I will add my thoughts to the Leavitt commentary shortly, but the one slide that caught my attention y/e 2014 was the crossover by provider type from physician led to institutionally (hospital system) led ACOs.
One might say that the traditional revenue side vs. cost basis of a hospital group is now at the head of the class of ACO innovation is the wrong form of ‘disruptive leadership’.
Yet, it’s interesting to note that the American Hospital Association (AHA) is a principal partner if not co-sponsor of the report.

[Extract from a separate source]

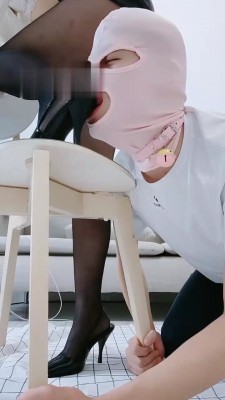 【一茶】黑丝高跟虐脚奴 bf19425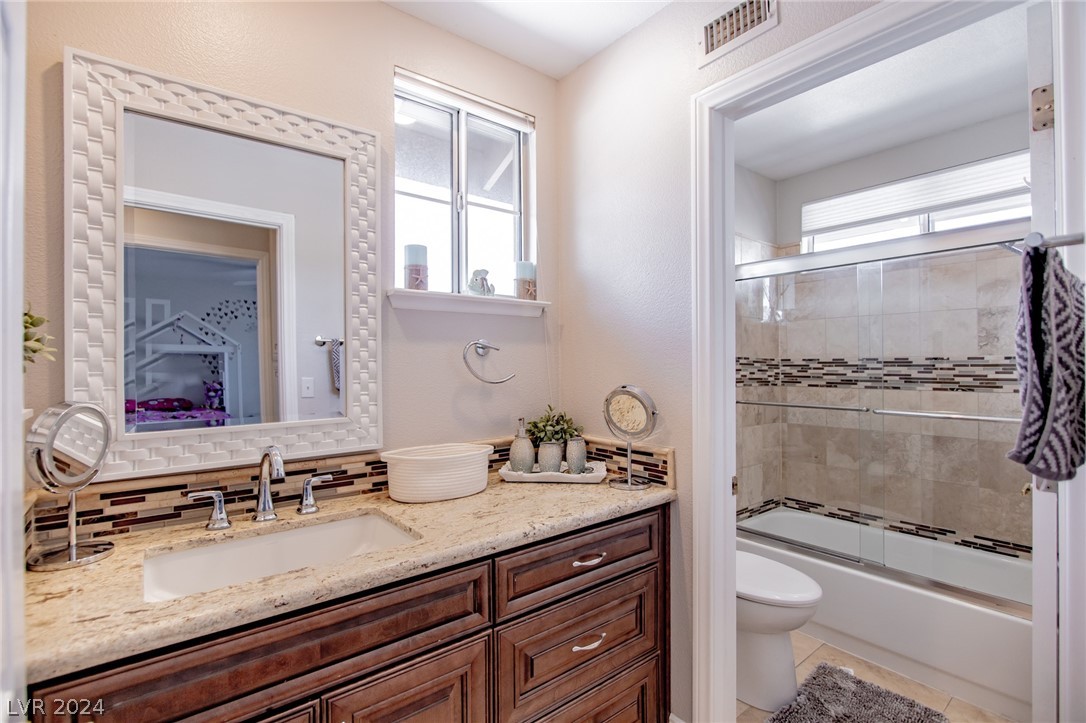 9713 Falling Star Avenue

Might this be a filtering outcome of the ‘fox guarding the hen house‘ or even the aggregate impact (conscious or otherwise) of strategy driven choices by CEOs of U.S. Health Systems?
By way of context, as a long as hospitals maintain their ‘revenue center’ primacy vs, their actual role (in the sustainable healthcare ecosystem food chain) as the true ‘cost centers’ they are – at least in legally, financially and clinically integrated delivery systems or networks (IDNs), how can ‘hospital culture’ be expected to pro-actively cannibalize a bread-and-butter fee-for-services business model in a reimbursement paradigm largely dominated by volume driven incentives even in 2015? Only a disinterested third party (aka physician led ACOs) can re-engineer the needed disruption of maldistributed, asset concentrated overpriced hospital services.